Voer een of meer van de volgende stappen uit:
Een of meer lijnen toevoegen: Klik op een of meer positieknoppen (onder het pop‑upmenu voor de lijnstijl en het kleurenvak).
Een volledige (vierzijdige) rand toevoegen: Klik op de positieknop aan de rechterkant (met de vetgedrukte rechthoek). Om de hoeken van de rand rond te maken, schakel je het aankruisvak 'Afgeronde hoeken' in.
Een kleur kiezen die op de sjabloon is afgestemd: Klik op het kleurenvak links van het kleurenwiel en kies een kleur.
Een willekeurige kleur kiezen: Klik op het kleurenwiel en kies een kleur in het venster 'Kleuren'.
De lijndikte wijzigen: Klik op de pijlen voor het waardeveld naast de lijnkleurregelaars.
De hoeveelheid ruimte tussen de lijn of rand en de tekst wijzigen: Klik op de pijlen naast 'Randverschuiving'.
Om de rand of lijn snel te verwijderen, selecteer je de tekst met de rand of lijn, klik je op het pop‑upmenu onder 'Alinearanden' en kies je 'Geen'.
Een rand of lijn verwijderen
Randen en lijnen kunnen op verschillende manieren worden aangemaakt. Als je niet zeker weet hoe een rand of lijn is toegevoegd, kun je de volgende methoden gebruiken om deze te verwijderen.

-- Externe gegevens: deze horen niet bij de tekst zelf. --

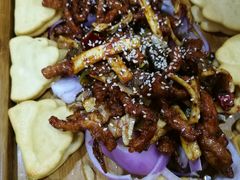 东镇烤三味-老东镇啤酒屋海鲜加工·蒸汽海鲜·海鲜烧烤(台东店)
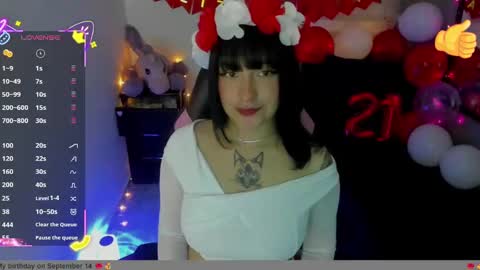 Snapshot of millandiux chatting on September 13, 11:51 pm millandiux online show from September 13, 11:51 pm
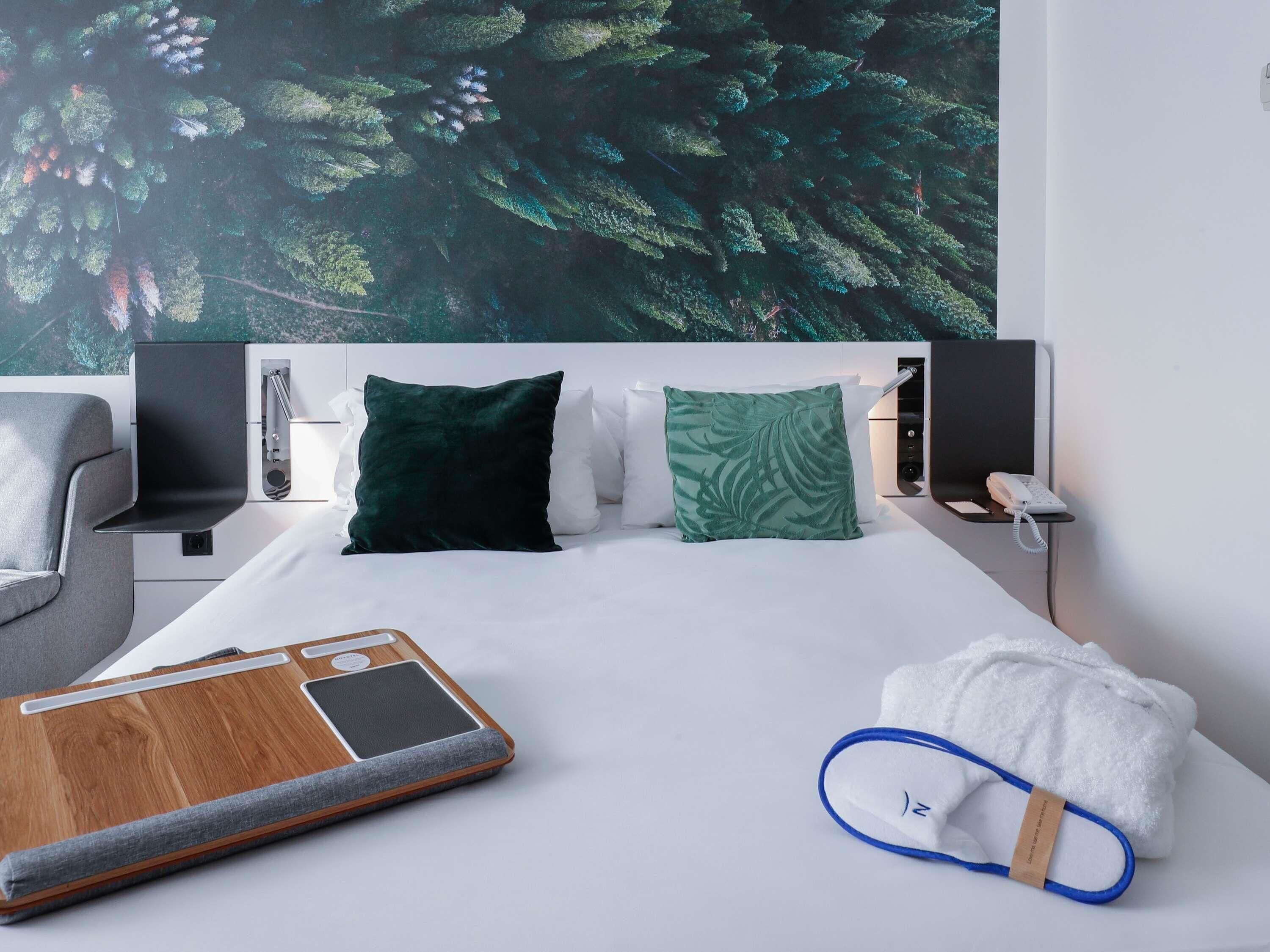 Habitación ejecutiva, 1 cama Queen size y sofá cama | Ropa de cama de alta calidad y minibar 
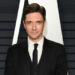 Topher Grace se junta à foto A24 do diretor Chris Rock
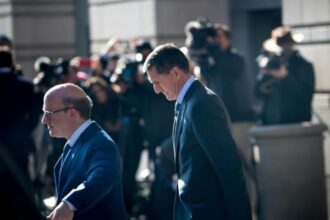 L'enquête russe se rapproche de Trump, son ex-conseiller inculpé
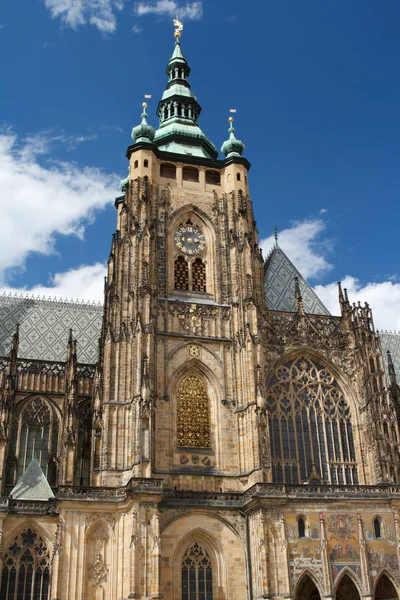 St. Vitus gotische kathedraal gelegen binnen de Praagse burcht comp — Stockfoto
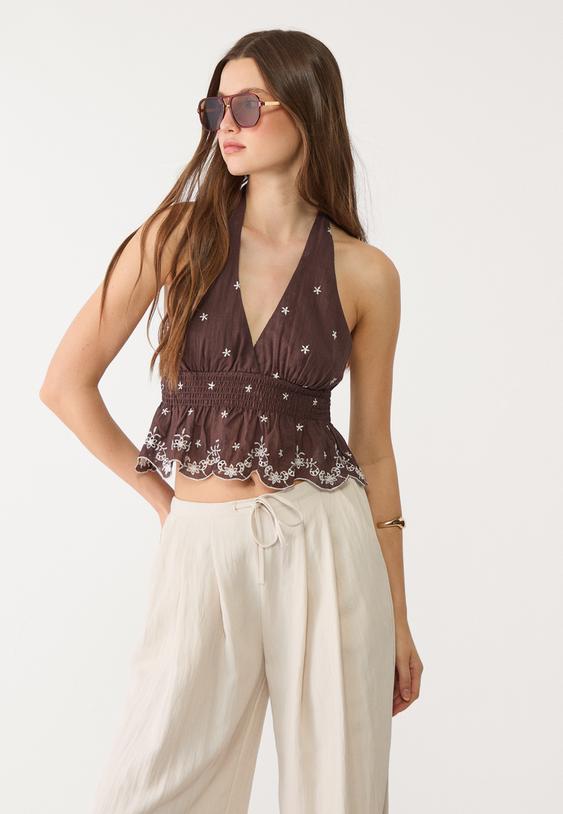 top halter bordado contraste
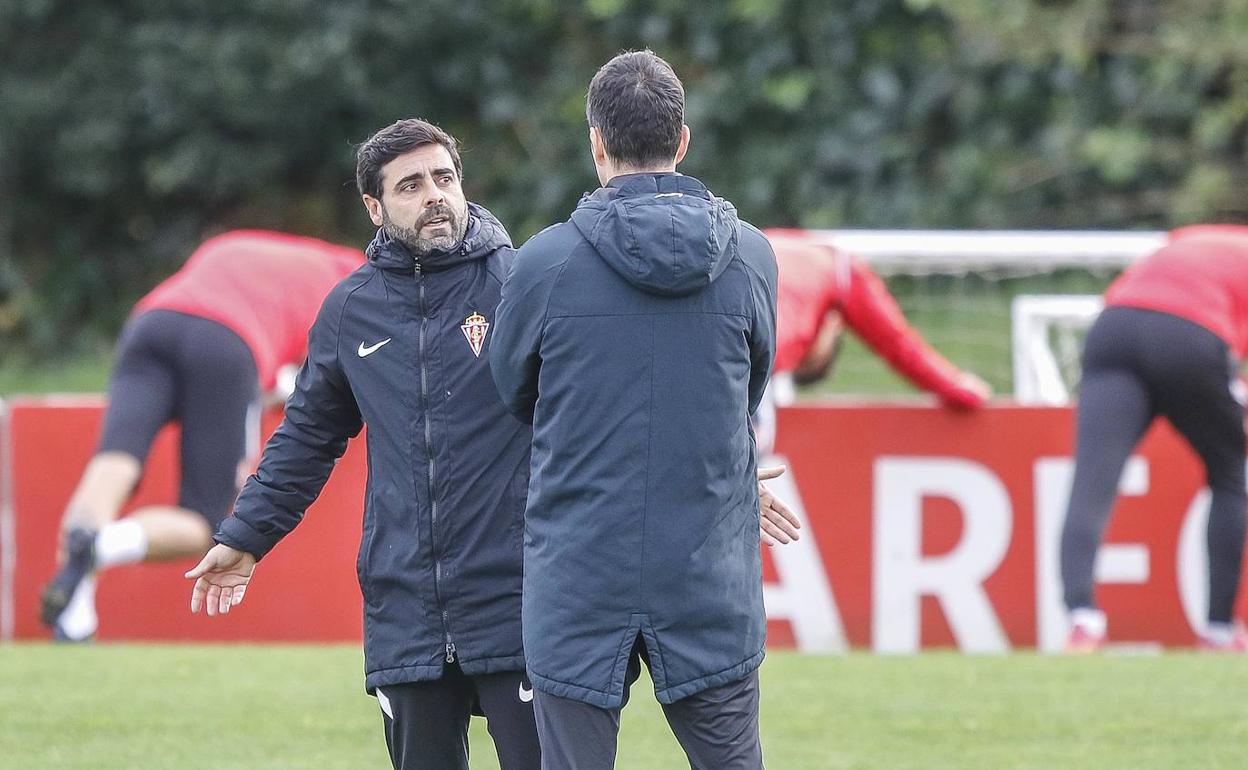 David Gallego durante el entrenamiento de hoy del Sporting. 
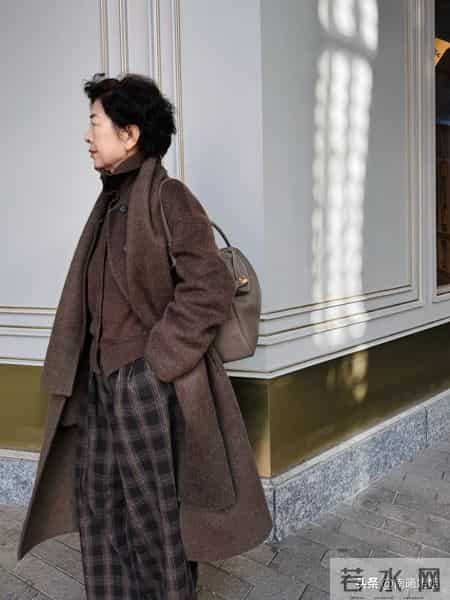 女人老了，不建议穿这3种“装嫩色”，自以为时髦，实际更显老了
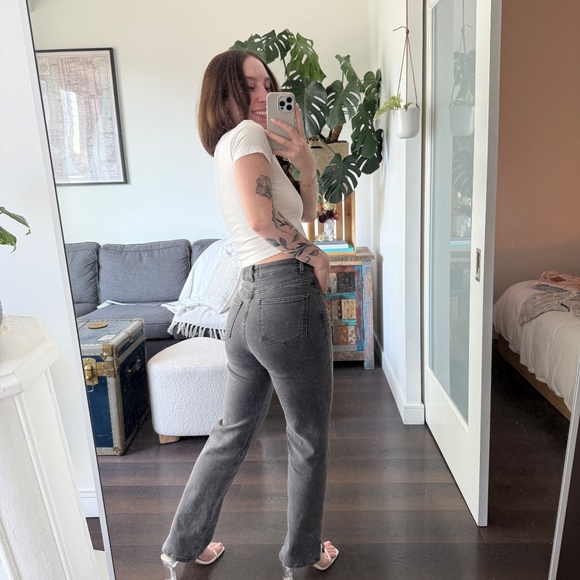 FITJEANS Women's Straight Leg Jeans in Dark Gray - Picture 5 of 11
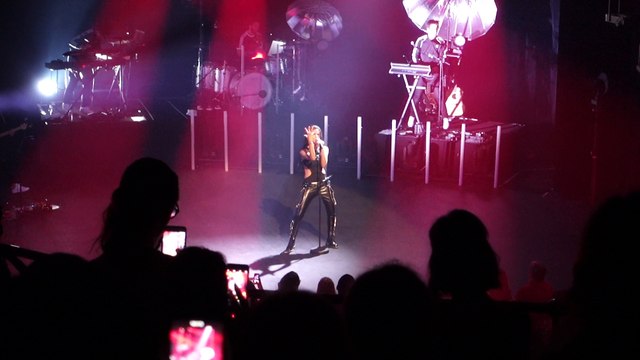 Shy’m - L'effet De Serre (Extrait) Live @ Folies Bergère, Paris, 2018
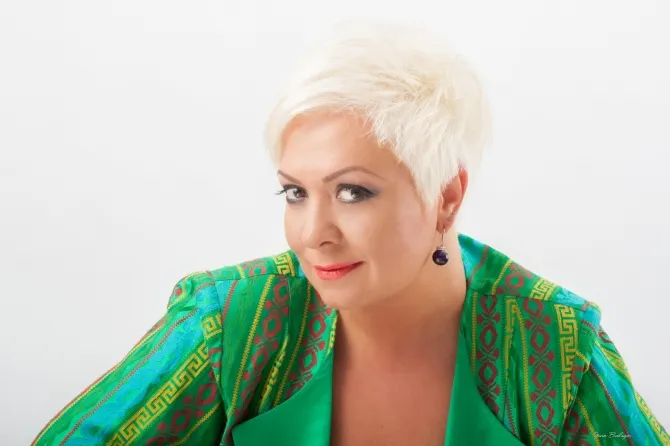 Monica Anghel, TRANSFORMARE după intervenţia chirurgicală la coloană. Cât a slăbit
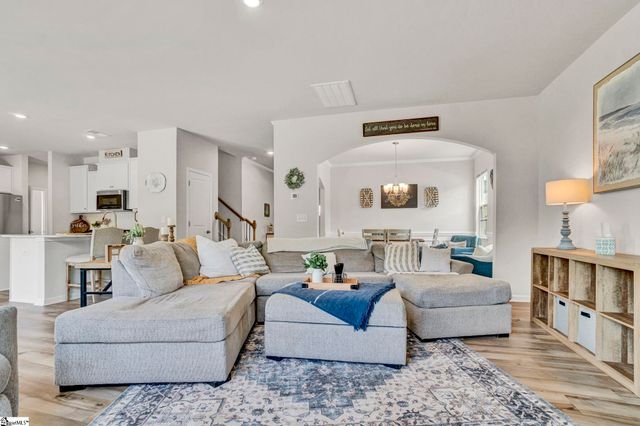101 Penrose Circle, Central, SC 29630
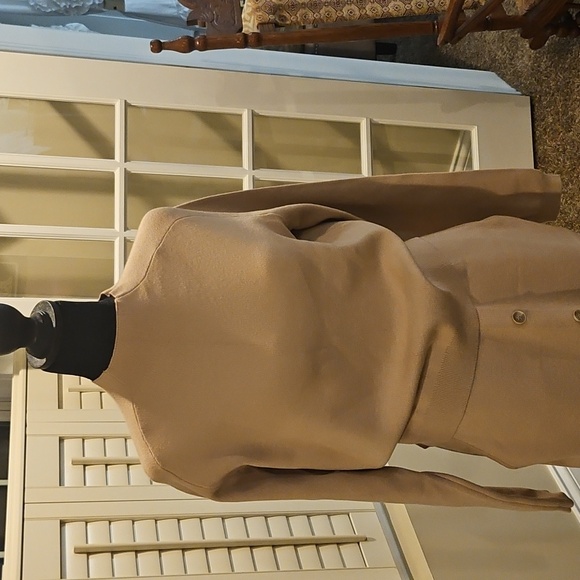 Zyia Sweater and Sweater Skirt Bundle - Picture 2 of 9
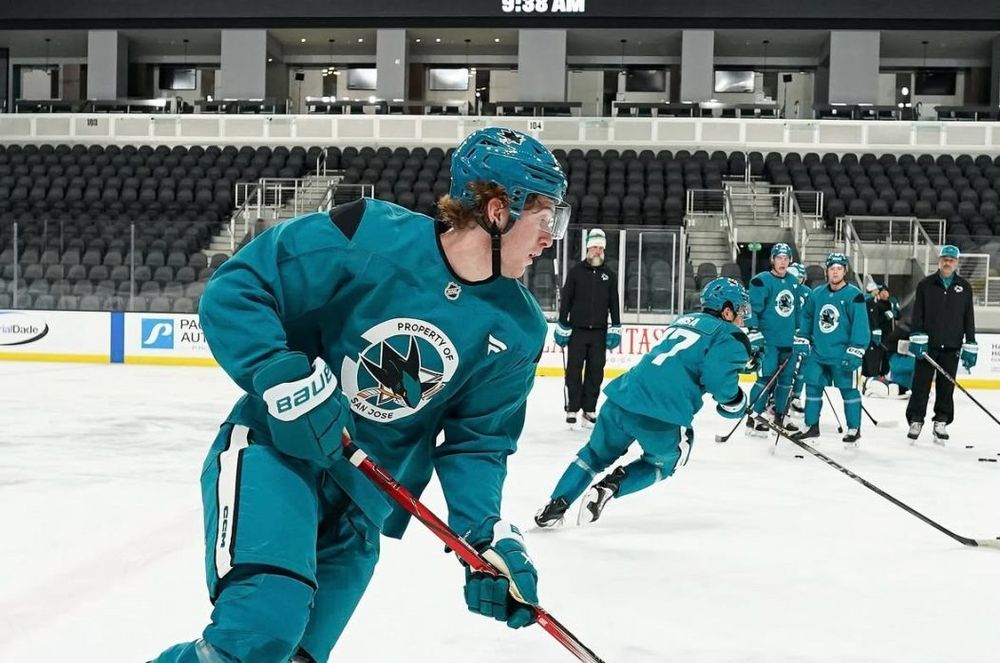 Аскаров стал лидером лучших проспектов НХЛ среди голкиперов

Klik op de lijn of rand om deze te selecteren.
Voer een van de volgende stappen uit:
Als er selectiegrepen worden weergegeven aan de uiteinden van een lijn: Deze is toegevoegd als vorm. Klik op de Delete-toets op het toetsenbord.
Als er selectiegrepen worden weergegeven bij de rand: Deze is toegevoegd als vorm. Klik op de tab 'Stijl' boven in de navigatiekolom aan de rechterkant, klik op het pop‑upmenu rechts van 'Rand' en kies 'Geen rand'.
Opmerking: Wanneer er een kleine x in de hoek van een rand of op het uiteinde van een lijn wordt weergegeven, is de vorm vergrendeld. Je moet de vorm ontgrendelen voordat je deze kunt verwijderen.
Als er geen selectiegrepen worden weergegeven aan de uiteinden van een lijn: Deze is toegevoegd als lijn. Selecteer de tekst boven de lijn en klik vervolgens op de knop 'Lay-out' boven in de navigatiekolom 'Opmaak' aan de rechterkant. Als 'Geen' wordt weergegeven in het pop‑upmenu in het gedeelte 'Alinearanden', selecteer je de tekst onder de lijn. Klik op het pop‑upmenu en kies 'Geen'.
Als er geen selectiegrepen worden weergegeven bij de rand: Deze is toegevoegd als rand. Selecteer de tekst in de rand en klik vervolgens op de knop 'Lay-out' boven in de navigatiekolom 'Opmaak' aan de rechterkant. Klik in het gedeelte 'Alinearanden' op het pop‑upmenu voor het lijntype en kies 'Geen'.
Als je via bovenstaande methoden geen rand of lijn kunt selecteren of verwijderen, is de rand of lijn mogelijk een sectielay-outobject dat op de achtergrond van een sjabloon is geplaatst. Als je het object selecteerbaar wilt maken, kies je 'Orden' > 'Sectielay-outs' > 'Maak lay-outobjecten selecteerbaar' (uit het Orden-menu boven in het scherm).
Je kunt ook een rand rond een pagina toevoegen en deze vervolgens als een sectielay-outobject instellen, zodat de rand op alle pagina's van het document wordt weergegeven. Zie Een rand rond een pagina toevoegen voor meer informatie.